(Beginning of Records supplied)
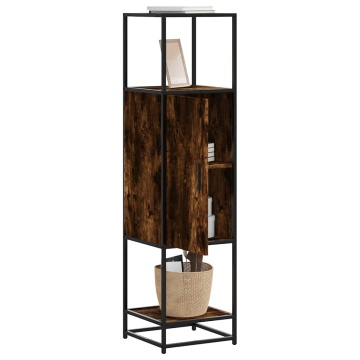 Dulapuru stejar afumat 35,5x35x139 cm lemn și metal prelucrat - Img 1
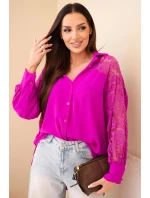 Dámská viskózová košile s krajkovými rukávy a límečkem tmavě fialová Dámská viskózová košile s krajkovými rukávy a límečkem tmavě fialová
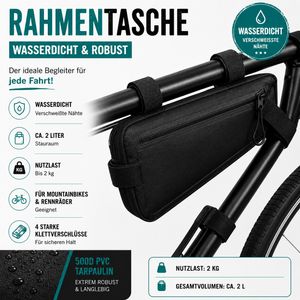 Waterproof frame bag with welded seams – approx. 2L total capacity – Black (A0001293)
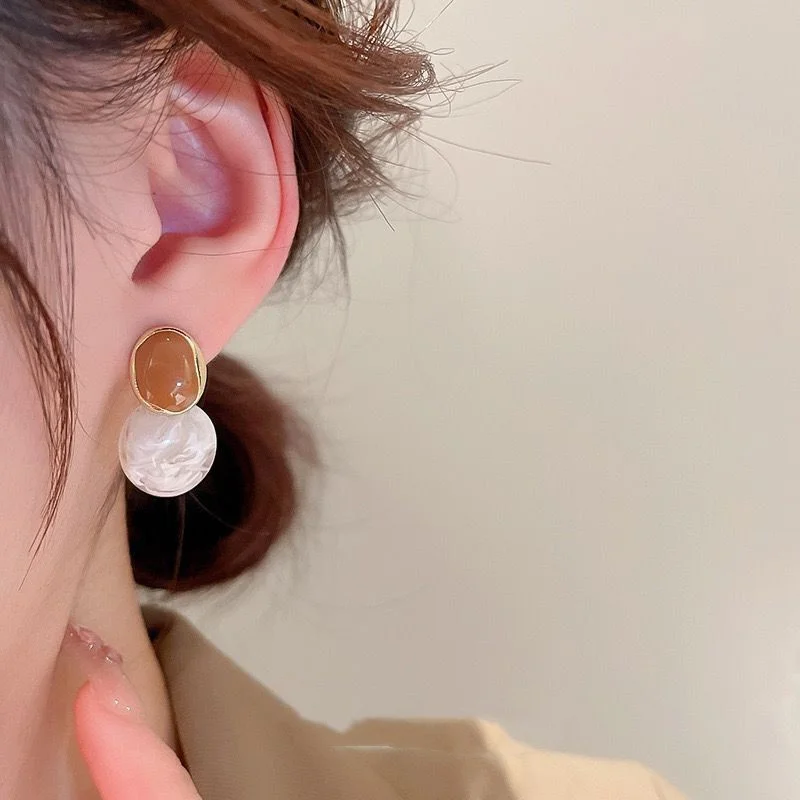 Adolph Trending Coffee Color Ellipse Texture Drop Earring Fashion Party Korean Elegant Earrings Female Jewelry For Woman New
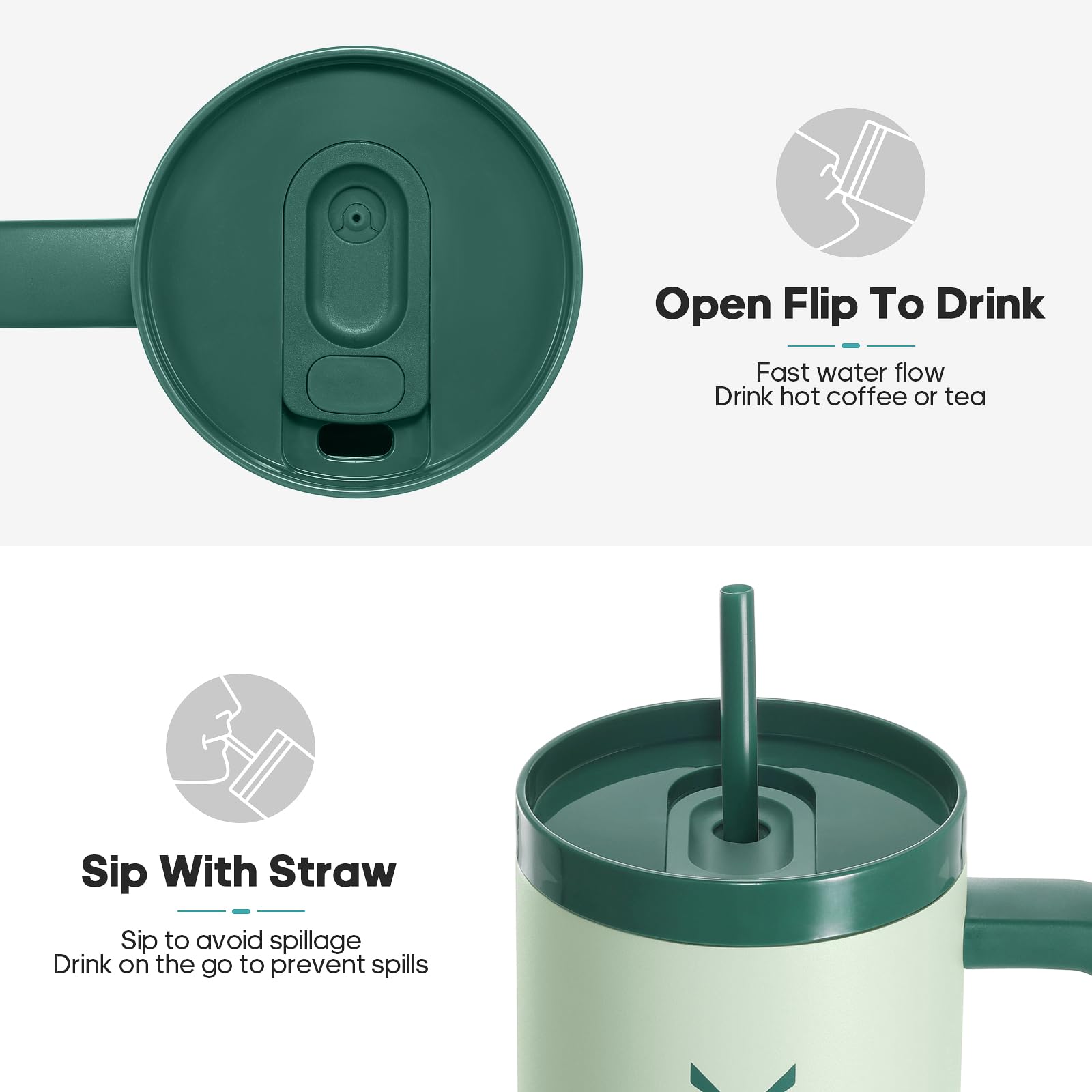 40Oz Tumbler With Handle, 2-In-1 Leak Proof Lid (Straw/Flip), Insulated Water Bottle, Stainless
(End of Records supplied)
(Beginning of Records supplied)
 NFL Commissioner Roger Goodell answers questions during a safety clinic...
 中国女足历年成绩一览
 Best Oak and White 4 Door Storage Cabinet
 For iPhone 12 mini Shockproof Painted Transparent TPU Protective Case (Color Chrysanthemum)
(End of Records supplied)
What is required: While skipping the pictures, transcribe the data above from the line showing "Dulapuru stejar afumat" through the line showing "40Oz Tumbler With", exactly and with both ends.

Exercise output:
 Dulapuru stejar afumat 35,5x35x139 cm lemn și metal prelucrat - Img 1
 Dámská viskózová košile s krajkovými rukávy a límečkem tmavě fialová Dámská viskózová košile s krajkovými rukávy a límečkem tmavě fialová
 Waterproof frame bag with welded seams – approx. 2L total capacity – Black (A0001293)
 Adolph Trending Coffee Color Ellipse Texture Drop Earring Fashion Party Korean Elegant Earrings Female Jewelry For Woman New
 40Oz Tumbler With Handle, 2-In-1 Leak Proof Lid (Straw/Flip), Insulated Water Bottle, Stainless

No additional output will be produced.